Como ya de costumbre y esta vez el rival sorprendiendo, La Academia cayó frente a Huracán por un claro 3-1. Racing no fue nada, no tuvo identidad, no tuvo alma, no tuvo fuerzas. Los goles los convirtieron Filipeto, Díaz y Toranzo. Para los de Caruso, Grazzini.
Racing fue el claro dominador en el primer tiempo y obtuvo situaciones pero con mucha imprecisión cuando llegaba al arco. La falta de definición en el equipo se demostró. La Academia se durmió y llego el primer gol de los de Parque Patricios después de un corner. Filipetto solamente la empujo tirándose al piso.
Los de Avellaneda empezaron a reaccionar y tuvo una situación que pareció gol luego de un cabezazo de afuera del área de Mercado, pero el arquero de Huracán la alcanzo a sacar de un manotazo en la linea. Cuando se iba el primer tiempo, en un contragolpe el globo encuentra con el segundo gol.

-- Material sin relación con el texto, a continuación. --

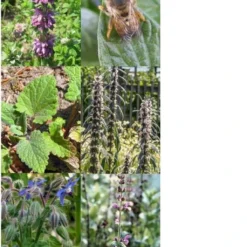 Piante Mellifere - Set Di Semi 10 Piante Mellifere - Set Di Semi -Offerta Economica Verdi Giard magic garden seeds piante mellifere set di semi 1663530 it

En el complemento, Racing mostró muy poco fútbol. Entro Grazzini y empezó a manejar la pelota. Pasados los 15 minutos, Lugüercio provoco un penal y Ramírez lo ejecuto. Increíblemente y para colmo, lo atajo Monzón y el partido siguió 0-2. Después de eso, se noto que los de Caruso tuvieron un golpe anímico gigante y al poco tiempo, Toranzo clavo un derechazo al ángulo izquierdo de De Olivera (un golazo).
La Academia no mostró nada luego de eso. Solamente el gol de Grazzini cuando armaba una linda jugada.
No se logra recuperar la actitud y el juego de el torneo pasado. El jueves que viene, Racing se enfrenta contra Boca y Caruso se juega la continuidad en la Academia.